Having come up with a new converged enterprise data centre architecture a week ago, Juniper Networks now says it can do the same for carriers and service providers.
The company said Wednesday its upcoming PTX Series Packet Transport Switch will be the heart of an end to end solution for the network cores of phone companies, cable operators and content providers pumping out Internet-protocol based voice and multimedia applications.
The PTX will do it by merging the optical and IP layers in the core onto a single multiplexed chassis to collapse network layers.
“This is a sea change in how carrier networks get architected,” said Tim Lambie, Juniper’s vice-president of sales for Canada, Central and South America, “in that it collapses the optical layer of the core.”
Expected to undergo customer trials in the third quarter and be on the market at the end of the year, the PTX combines Multiprotocol Label Switching (MPLS) and optical switching in a large chassis powered by a new Junos Express ASIC processor to give what Juniper says is a huge leap in throughput.

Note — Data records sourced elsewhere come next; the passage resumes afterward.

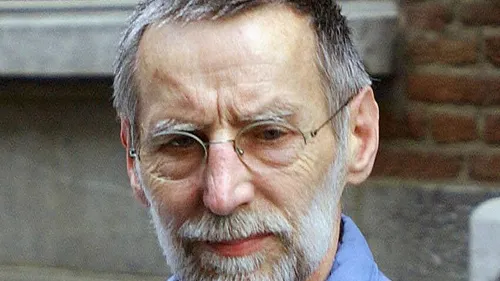 Le tueur en série, Michel Fourniret, est décédé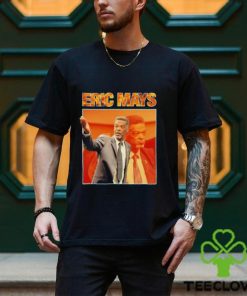 Homage Eric Mays Shirt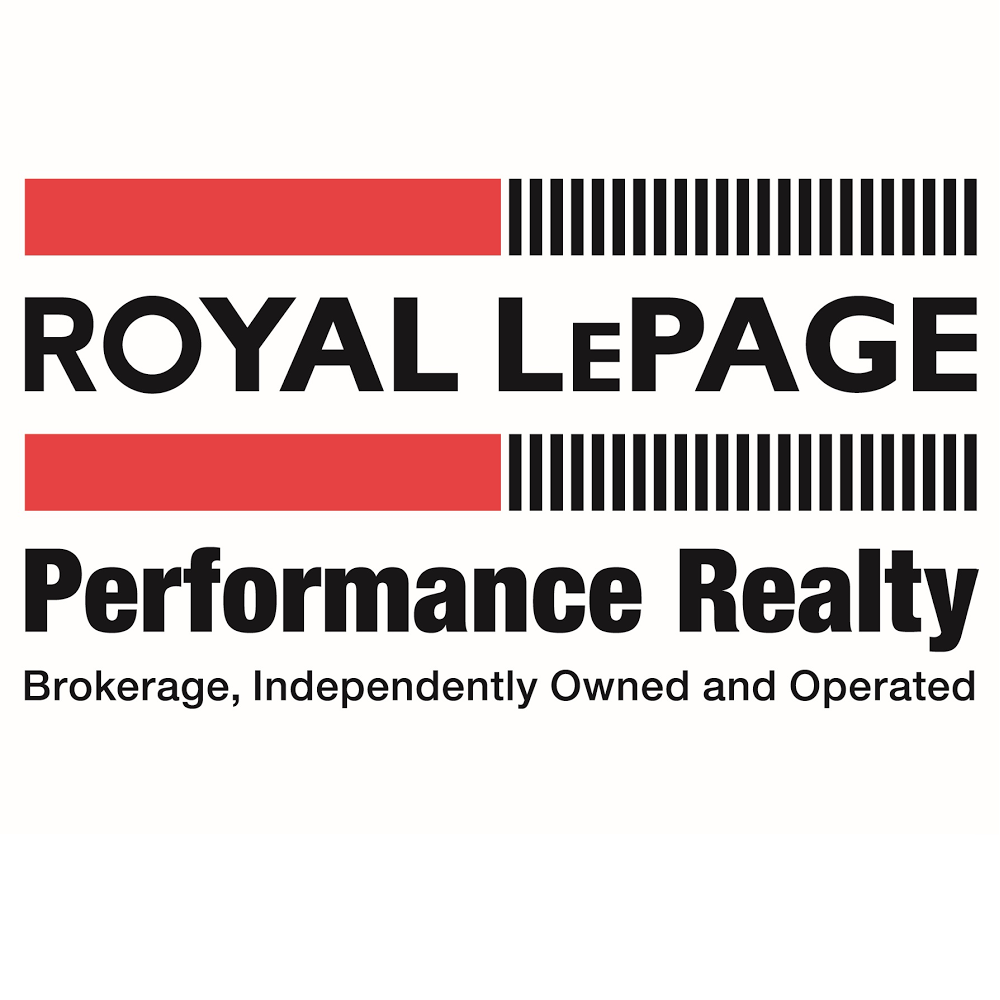 Alain de Gagné | 201-1500 Bank St, Ottawa, ON K1H 7Z2, Canada | Phone: (613) 733-9100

Initially the PTX will be able push through 480 Gigabits per second through each 10/40/100 Gigabit Ethernet slot, with the biggest model capable of a total of 3.8 Terabits per second. Multichassis configurations would be capable of much more, Juniper says.
The first models will be the eight-slot PTX 5000 and the 16-slot PTX 9000. Pricing hasn’t been set yet.
Juniper estimates the saving of building a PTX-based transport core over a traditional two-layer design could be up to 65 per cent over the lifetime of the equipment (say, 10 years).
For years carriers’ optical cores have been built to handle point-to-point traffic such as voice calls. For IP data, a routed IP network is laid on top of that. However as packet data has soared, traffic is going to many end points such as smartphones, laptops and tablet computers.
It’s not only traditional data that’s going up, Lambie added. Carriers are increasingly offering IPTV over their networks as well, he pointed out. To be able to push this data through the core means a new architecture is needed, he said.
But Lambie admits Juniper will have a lot of convincing to do.
“The challenge carriers have, service providers have — and to some degree this product has — will come from the fact that there will be hesitance for historical reasons for collapsing these networks when they’ve been built separate. I think everybody will agree that it’s an extraordinarily important thing to do and that economies are required, but the political will [in carriers] in some cases to collapse the architecture will be more of a challenge than any other [technology] roadblocks that might be in the way.”
Zeus Kerravala, senior vice-president of research at Yankee Group, agrees converging the network is necessary. Devices like smartphones and laptops don’t have a lot of horsepower on their own, he said in an interview, so provider networks need to be more intelligent.
That’s why chipsets like the Junos Express and Cisco Systems Inc.’s QuantumFlow are important to next-generation network equipment design, he said.
He also doesn’t doubt competitors will soon have their own converged transport switches to compete with the PTX series.